• **Exercise data**:
= = = = = = =
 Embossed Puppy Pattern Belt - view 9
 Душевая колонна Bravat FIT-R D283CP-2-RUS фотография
= = = = = = =
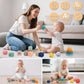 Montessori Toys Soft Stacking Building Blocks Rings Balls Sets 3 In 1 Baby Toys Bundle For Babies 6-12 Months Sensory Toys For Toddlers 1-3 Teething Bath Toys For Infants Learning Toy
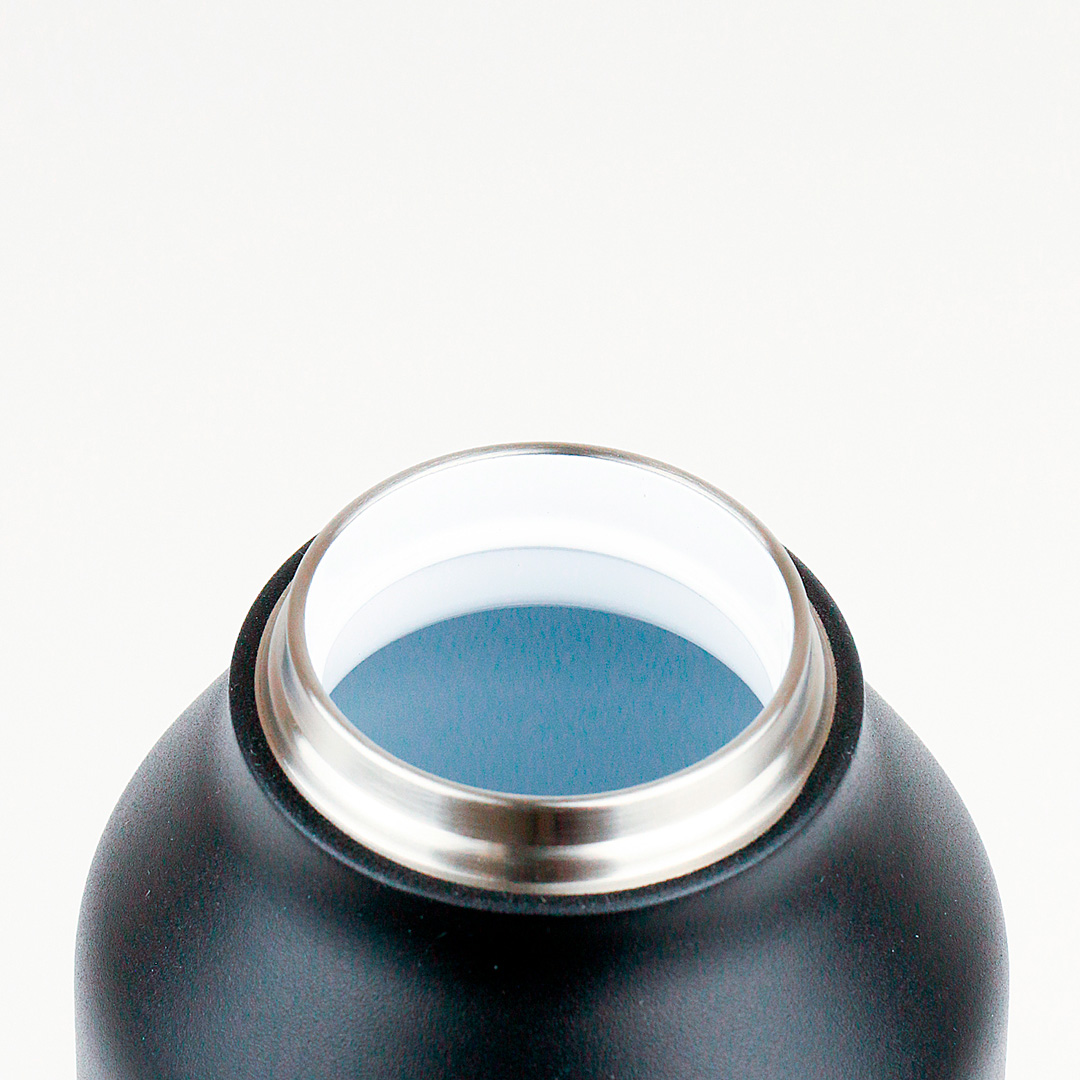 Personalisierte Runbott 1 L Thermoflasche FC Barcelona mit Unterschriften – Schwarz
= = = = = = =
• **What to do**:
The stretch to restate runs from the line above containing "Montessori Toys Soft" through the line containing "Personalisierte Runbott 1". Copy it word for word, ends included, without pictures.

• **Solved problem**:
 Montessori Toys Soft Stacking Building Blocks Rings Balls Sets 3 In 1 Baby Toys Bundle For Babies 6-12 Months Sensory Toys For Toddlers 1-3 Teething Bath Toys For Infants Learning Toy
 Personalisierte Runbott 1 L Thermoflasche FC Barcelona mit Unterschriften – Schwarz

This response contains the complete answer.